Y así fue: Camilo pasaba algunas noches con ellos, en el departamento, sin necesidad de pagar con sexo el favor de su anfitrión.
Después se sumó Walter.
Walter había sido pareja de Roxana, hermana de Ulises, con quien había tenido una hija. Era un macho más feroz que Ulises. El alfa de la manada. La amistad con él consistía en sometérsele dócilmente.
Él no se quedaba a dormir, sólo pasaba de visita de vez en cuando.

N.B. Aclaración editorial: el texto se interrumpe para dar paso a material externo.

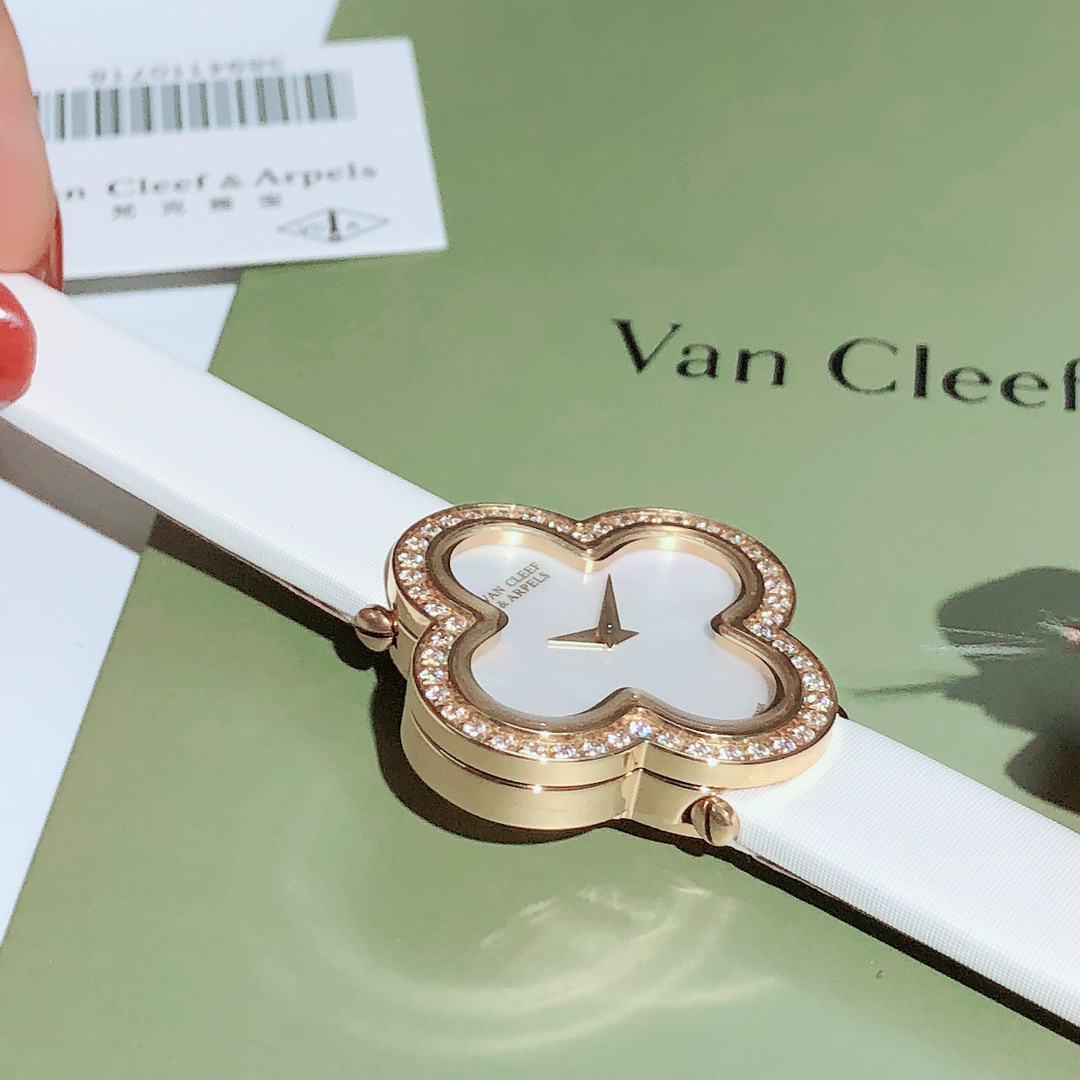 梵克雅宝-VanCleefArpelsAlhambra系列腕表继续沿袭梵克雅宝的标志性图案散发恒久隽永的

Por extraño que parezca, Gabriel se enamoró de él. Bueno, no necesariamente les parecerá extraño a ustedes. A mí me parece extraño.
¿Por qué?
Porque yo nunca me enamoraría de Walter. Lo que me generaba era miedito. Si me lo hubiera cruzado en la calle por la noche, habría cambiado de vereda. Si me lo hubiera cruzado en un desierto, me habría enterrado a mí mismo en la arena para escapar de esos ojos fieros, inyectados en sangre.
Pero en fin, yo soy yo y Gabriel era Gabriel, y las cosas son así: hasta Barreda consigue pareja.
¿Qué nos lleva a relacionarnos con cierta gente y no con otra?
De pronto nos cruzamos con alguien, fortuitamente —¿fortuitamente?—, y nos vinculamos con él, y con su mundo. Y él se vincula con nosotros y con nuestro mundo. Y ambos mundos se vinculan, independientemente de él y de nosotros, incluso. Se da una multitud de interrelaciones, algunas de las cuales escapan a nuestra influencia. Cada componente que se vincula modifica y es modificado. Nada queda igual después de todo esto, para bien o para mal.
Pero más allá de lo fortuito del encuentro, y de que el encuentro haya sido o no fortuito, yo podría cruzarte y optar por no relacionarme con vos. O, simplemente, no registrar tu existencia.
Sin embargo, lo hago: te capto y decido vincularme.
¿Por qué?
Una tarde, Gabriel llegó al departamento y encontró todo revuelto. Alguien había vaciado el contenido de los cajones en el piso, evidentemente buscando objetos de valor. Acto seguido, se percató de que faltaban el televisor, la videocasetera y la computadora. Entonces, escuchó un ruido en la cocina y fue corriendo hacia ahí. Llegó a tiempo para ver una pierna que desaparecía a través de una claraboya que daba a la terraza. Nunca supo que esa pierna era de Camilo.
Días más tarde, Walter cayó borracho al departamento.
Gabriel estaba solo.
—¡Hola! ¿Cómo andás? Los chicos no están, pero pasá…
Walter lo violó.
Después se puso a romper los muebles y a saltar sobre la mesa mientras cantaba: «Oléee olé olé oléee… Puutooo, puutooo…».